Okay, I think the error is in your example, not in Mass. I think you’re interpreting length_lo as a number of bins, but it is supposed to be in energy units (or technically, in the same units as the second (energy) argument to _smear_exponential_tail() So

import mass
import numpy as np
import pylab as plt
plt.ion()

def plotline(escale, taubigscale, tail_frac=0.5):

    fwhm = 2*escale
    tail_tau = 30*escale
    dph_de=1
    def cleanspectrum_fn(x): 
        return mass.getmodel(mass.STANDARD_FEATURES["MnKAlpha"]*escale).spect.pdf(x, instrument_gaussian_fwhm=fwhm)

    bin_width=0.5*escale
    energy = np.arange(5800, 6000, 0.5)*escale
    length_lo = tail_tau*dph_de
    length_hi = 0
    # peak_ph = mass.STANDARD_FEATURES["MnKAlpha"]*escale
    tail_frac_hi = 0

    print(f"""{length_lo=} {length_hi=} {fwhm=} {dph_de=} {tail_frac=} 
        {tail_tau=} {tail_frac_hi=}  {bin_width=}
        {len(energy)=}""")
    spect = mass.line_models._smear_exponential_tail(
        cleanspectrum_fn, energy, fwhm, tail_frac, length_lo, tail_frac_hi, length_hi)
    spect_scaletau = mass.line_models._smear_exponential_tail(
        cleanspectrum_fn, energy, fwhm, tail_frac, length_lo*taubigscale, tail_frac_hi, length_hi)

    plt.figure()
    plt.plot(energy, spect, label=f"tail_tau={tail_tau:.2e}")
    plt.plot(energy, spect_scaletau, label=f"tail_tau={(tail_tau*taubigscale):.2e}")
    plt.legend()
    plt.title(f"{escale=} {taubigscale=}")
    plt.xlabel("energy (eV)")
    plt.ylabel("counts  (arb)")

plotline(1,100)
plotline(1000, 100)

If you change your example function to the above version, I think your two figures come out the same (except they differ by x1000 in the x-axis).
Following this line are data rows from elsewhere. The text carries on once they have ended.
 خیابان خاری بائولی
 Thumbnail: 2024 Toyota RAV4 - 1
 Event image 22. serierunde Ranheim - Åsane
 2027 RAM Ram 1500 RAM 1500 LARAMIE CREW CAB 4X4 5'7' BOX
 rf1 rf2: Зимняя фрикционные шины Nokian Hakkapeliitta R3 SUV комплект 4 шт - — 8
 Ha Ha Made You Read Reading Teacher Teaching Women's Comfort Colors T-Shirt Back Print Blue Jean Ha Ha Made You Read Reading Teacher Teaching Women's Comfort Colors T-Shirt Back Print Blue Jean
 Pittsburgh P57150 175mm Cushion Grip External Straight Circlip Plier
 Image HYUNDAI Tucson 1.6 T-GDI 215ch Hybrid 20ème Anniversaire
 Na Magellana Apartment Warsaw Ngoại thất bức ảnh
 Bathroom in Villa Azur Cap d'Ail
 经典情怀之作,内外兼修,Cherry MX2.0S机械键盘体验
So I don’t agree that your latest MRE is a bug. However, the previous one (“Ok I made a better minimum reproducing example…”) is still troubling.

joefowler commented 1 year ago

Original comment by Galen O'Neil (Bitbucket: oneilg, GitHub: oneilg).


In that case I think the bug is here: https://bitbucket.org/joe_fowler/mass/src/253a07a1fc290191b194948f99a2b188437662f3/mass/calibration/line_models.py#lines-229

237 and 238, which is where I drew the definition of length_lo and length_hi from. I’m pretty sure I wrote that code, but copied most of it from the previous linefit code. Do I just remove dividing out bin width?

joefowler commented 1 year ago

Original comment by Galen O'Neil (Bitbucket: oneilg, GitHub: oneilg).


fix issue 250 and update tests

joefowler commented 1 year ago

Original comment by Galen O'Neil (Bitbucket: oneilg, GitHub: oneilg).


wtf bitbucket, me opening a pull request does not resolve this issue, I haven’t merged the pull request!!